Никита будто не услышал ее вопроса:
— Вы знаете, что кухарка уже два дня как оставила дом? Мне пришлось отправить Прохора за ужином в ближайший кабак. Не составите мне компанию? Пусть это не совсем та еда, к коей вы привыкли, но ветчина недурна, а пирожки с зайчатиной и вовсе — пища богов.
При появлении Лизы он не поднялся со стула, не обернулся к ней и даже не прервал трапезу. Это было совсем непохоже на него, и девушка бы непременно насторожилась, не будь нынче столь равнодушной ко всему.
— Не желаете пирожков? Что ж, ваше право. — Никита замолчал и снова вернулся к ужину.
Молчала и Лиза, наблюдая за причудливым танцем пламени свечей. Никита не торопясь завершил ужин и только после этого подошел к Лизе.
— Выпейте, — протянул он ей бокал с ярко-красной жидкостью. — Пейте, вам сейчас это нужно. Забудьте о правилах приличия и пейте смело. Когда боль остра, только крепость вина способна унять ее. Увы, лишь временно, но…

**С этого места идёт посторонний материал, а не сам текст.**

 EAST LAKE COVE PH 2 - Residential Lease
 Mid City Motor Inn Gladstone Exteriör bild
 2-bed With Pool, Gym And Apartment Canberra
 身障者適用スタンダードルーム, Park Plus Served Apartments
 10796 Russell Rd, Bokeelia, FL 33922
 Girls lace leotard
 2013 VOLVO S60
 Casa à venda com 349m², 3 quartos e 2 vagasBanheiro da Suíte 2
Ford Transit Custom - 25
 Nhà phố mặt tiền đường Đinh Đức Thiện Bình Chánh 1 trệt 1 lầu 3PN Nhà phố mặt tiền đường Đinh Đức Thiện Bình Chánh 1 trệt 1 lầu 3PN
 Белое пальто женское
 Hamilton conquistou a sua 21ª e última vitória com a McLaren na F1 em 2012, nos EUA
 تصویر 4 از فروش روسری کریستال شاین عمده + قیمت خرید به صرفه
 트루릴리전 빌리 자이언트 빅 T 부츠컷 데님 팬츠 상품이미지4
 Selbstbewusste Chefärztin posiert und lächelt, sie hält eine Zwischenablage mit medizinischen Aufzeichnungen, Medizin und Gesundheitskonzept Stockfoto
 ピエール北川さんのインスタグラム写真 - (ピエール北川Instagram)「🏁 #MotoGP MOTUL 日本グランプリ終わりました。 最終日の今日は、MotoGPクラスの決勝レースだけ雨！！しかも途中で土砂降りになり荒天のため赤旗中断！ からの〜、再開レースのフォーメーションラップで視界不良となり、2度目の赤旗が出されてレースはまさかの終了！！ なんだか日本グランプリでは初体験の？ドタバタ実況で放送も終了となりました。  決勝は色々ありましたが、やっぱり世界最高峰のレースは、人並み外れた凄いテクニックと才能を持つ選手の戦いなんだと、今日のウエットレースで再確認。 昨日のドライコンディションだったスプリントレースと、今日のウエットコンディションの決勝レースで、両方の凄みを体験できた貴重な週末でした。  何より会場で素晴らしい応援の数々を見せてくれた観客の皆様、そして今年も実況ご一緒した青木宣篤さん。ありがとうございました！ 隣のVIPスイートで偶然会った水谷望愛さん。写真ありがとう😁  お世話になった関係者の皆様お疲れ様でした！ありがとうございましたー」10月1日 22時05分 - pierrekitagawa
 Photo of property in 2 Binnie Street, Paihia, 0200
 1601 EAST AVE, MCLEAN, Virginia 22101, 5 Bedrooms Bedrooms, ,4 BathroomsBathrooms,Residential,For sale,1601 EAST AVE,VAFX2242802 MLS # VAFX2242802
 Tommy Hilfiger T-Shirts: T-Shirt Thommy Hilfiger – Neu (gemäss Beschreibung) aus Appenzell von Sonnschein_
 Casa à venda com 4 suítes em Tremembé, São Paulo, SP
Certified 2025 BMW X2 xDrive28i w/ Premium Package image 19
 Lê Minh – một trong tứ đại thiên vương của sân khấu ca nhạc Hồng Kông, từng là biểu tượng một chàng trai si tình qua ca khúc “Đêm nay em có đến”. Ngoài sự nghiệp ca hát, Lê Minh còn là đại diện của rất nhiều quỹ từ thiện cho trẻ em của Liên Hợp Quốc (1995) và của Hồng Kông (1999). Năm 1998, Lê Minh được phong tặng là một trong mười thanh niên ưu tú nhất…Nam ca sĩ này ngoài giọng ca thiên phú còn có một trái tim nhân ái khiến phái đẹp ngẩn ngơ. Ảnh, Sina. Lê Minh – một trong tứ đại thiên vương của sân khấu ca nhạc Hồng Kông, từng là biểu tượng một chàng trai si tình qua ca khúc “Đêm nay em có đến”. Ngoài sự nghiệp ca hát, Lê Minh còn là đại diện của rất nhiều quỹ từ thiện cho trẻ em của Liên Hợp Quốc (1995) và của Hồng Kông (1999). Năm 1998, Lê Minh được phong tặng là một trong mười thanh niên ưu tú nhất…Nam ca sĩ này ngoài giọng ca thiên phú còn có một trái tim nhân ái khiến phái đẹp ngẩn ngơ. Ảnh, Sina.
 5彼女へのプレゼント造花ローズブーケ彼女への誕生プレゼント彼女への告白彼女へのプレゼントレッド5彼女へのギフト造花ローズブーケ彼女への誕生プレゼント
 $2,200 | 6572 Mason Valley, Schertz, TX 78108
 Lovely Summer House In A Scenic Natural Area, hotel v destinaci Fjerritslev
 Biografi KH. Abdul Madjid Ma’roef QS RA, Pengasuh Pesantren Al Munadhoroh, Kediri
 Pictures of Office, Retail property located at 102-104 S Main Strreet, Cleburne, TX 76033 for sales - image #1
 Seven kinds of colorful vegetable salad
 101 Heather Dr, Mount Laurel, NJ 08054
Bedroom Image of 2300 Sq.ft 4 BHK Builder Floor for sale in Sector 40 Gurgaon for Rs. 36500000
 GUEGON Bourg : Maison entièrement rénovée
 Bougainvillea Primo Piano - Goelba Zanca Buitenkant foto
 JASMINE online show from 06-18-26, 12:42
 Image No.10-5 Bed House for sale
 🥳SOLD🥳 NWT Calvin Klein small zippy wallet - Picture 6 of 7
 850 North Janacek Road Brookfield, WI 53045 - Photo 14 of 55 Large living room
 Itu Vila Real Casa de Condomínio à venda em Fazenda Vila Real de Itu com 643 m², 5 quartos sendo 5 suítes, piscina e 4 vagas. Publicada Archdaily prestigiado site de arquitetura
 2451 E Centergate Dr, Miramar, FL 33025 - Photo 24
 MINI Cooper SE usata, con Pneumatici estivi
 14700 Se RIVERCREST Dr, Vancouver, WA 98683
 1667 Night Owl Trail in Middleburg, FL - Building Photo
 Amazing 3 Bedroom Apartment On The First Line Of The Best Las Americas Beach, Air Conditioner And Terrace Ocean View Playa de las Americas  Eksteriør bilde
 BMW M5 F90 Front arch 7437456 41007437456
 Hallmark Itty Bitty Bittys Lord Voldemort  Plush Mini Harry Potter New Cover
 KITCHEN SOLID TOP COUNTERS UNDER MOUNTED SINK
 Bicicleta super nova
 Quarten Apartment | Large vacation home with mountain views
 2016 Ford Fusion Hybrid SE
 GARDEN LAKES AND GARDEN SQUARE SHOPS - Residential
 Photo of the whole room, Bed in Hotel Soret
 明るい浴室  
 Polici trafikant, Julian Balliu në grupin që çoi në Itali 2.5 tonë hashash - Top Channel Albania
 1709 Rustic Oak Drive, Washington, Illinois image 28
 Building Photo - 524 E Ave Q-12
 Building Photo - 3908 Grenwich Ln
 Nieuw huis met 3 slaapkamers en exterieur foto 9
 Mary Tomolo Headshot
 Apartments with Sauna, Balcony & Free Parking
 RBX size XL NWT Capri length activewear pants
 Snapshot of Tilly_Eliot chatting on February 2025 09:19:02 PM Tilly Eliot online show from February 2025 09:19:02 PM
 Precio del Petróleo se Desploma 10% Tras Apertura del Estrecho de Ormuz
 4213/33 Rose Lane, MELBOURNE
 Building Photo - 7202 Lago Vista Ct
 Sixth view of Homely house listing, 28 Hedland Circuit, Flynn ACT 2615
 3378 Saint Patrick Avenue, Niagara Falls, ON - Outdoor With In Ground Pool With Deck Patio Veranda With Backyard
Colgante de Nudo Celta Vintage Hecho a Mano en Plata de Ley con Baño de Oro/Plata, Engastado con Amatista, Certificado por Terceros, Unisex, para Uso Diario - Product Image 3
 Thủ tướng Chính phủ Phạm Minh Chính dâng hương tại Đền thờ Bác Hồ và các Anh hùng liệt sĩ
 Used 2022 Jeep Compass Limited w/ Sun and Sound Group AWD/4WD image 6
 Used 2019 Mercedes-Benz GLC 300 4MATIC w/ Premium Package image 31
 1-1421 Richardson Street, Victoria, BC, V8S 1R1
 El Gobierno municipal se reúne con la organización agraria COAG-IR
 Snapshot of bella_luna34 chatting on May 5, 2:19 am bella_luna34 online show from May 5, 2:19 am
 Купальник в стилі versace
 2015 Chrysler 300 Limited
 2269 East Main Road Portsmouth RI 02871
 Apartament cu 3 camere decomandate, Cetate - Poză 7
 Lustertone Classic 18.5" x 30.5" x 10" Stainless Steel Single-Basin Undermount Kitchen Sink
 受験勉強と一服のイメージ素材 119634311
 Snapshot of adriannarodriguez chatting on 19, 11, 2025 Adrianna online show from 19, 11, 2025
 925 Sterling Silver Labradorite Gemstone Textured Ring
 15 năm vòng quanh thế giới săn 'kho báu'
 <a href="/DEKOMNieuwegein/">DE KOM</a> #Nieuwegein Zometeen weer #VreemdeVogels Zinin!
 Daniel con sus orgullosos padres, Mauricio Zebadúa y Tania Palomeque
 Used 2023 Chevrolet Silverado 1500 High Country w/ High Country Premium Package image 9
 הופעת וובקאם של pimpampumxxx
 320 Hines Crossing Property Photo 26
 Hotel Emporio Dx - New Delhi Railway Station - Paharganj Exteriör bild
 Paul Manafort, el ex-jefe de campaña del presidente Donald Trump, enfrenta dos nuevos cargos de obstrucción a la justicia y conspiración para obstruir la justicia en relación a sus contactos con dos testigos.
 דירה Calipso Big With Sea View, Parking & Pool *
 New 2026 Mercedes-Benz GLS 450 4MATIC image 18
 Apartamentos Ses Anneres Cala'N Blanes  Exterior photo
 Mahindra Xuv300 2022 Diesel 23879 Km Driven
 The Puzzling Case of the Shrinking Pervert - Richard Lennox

Лиза робко взяла бокал и сделала слишком большой глоток вина, отчего совсем некрасиво закашлялась. Но не смутилась. Смело выдержала любопытный взгляд Никиты, который вернулся к столу и развернул свой стул так, чтобы видеть ее.
— Мне всегда это нравилось в вас, — улыбаясь легко и открыто, проговорил он. — Вы никогда не притворялись, желая получить мое расположение. Такова вы…
— Нет, вы ошибаетесь. — То ли вино, выпитое на пустой желудок, ударило в голову, то ли безразличие к собственной судьбе затуманило разум, но Лиза вдруг решилась на откровенность: — Я не такова.
— Знаю, — коротко ответил Никита. — Один мой знакомец до сих пор вспоминает сбежавшую невесту графа Дмитриевского — девицу с вашим ликом, но под другим именем. Вы помните новогодний бал у губернского предводителя около двух лет назад? Помните?
Конечно, Лиза помнила. Внезапно темные стены гостиной исчезли, сменившись стенами бальной залы, залитой ослепительным светом сотен свечей. Тишину летнего вечера наполнили звуки музыки и еле уловимый гул разговоров. А перед глазами Лизы возникло… Нет, не лицо ротмистра уланского полка. Совсем иные черты.
Теперь она понимала, что за свет горел в мужском взгляде, который притягивал ее к себе, как мотылька манит огонь. Желание. Оно каким-то образом передалось ей через этот обжигающий взгляд, проникло в вены и снова вспыхнуло при одном только воспоминании. Она вспомнила, как он смотрел на нее: в бальной зале, в оранжерее, где жадно целовал, крепко прижав спиной к решетке с розами, в спальне, где мог открыто обладать, властвовать, покорять своим руками и губам, заставляя поддаться огню, которым горел его взгляд.
А потом на смену будоражащим воспоминаниям пришла горькая мысль о том, что пока она наслаждалась ласками Александра, принимая похоть за любовь, Николенька терпеливо ждал ее приезда… Возможность которого она отвергла, чтобы и дальше греться у того огня…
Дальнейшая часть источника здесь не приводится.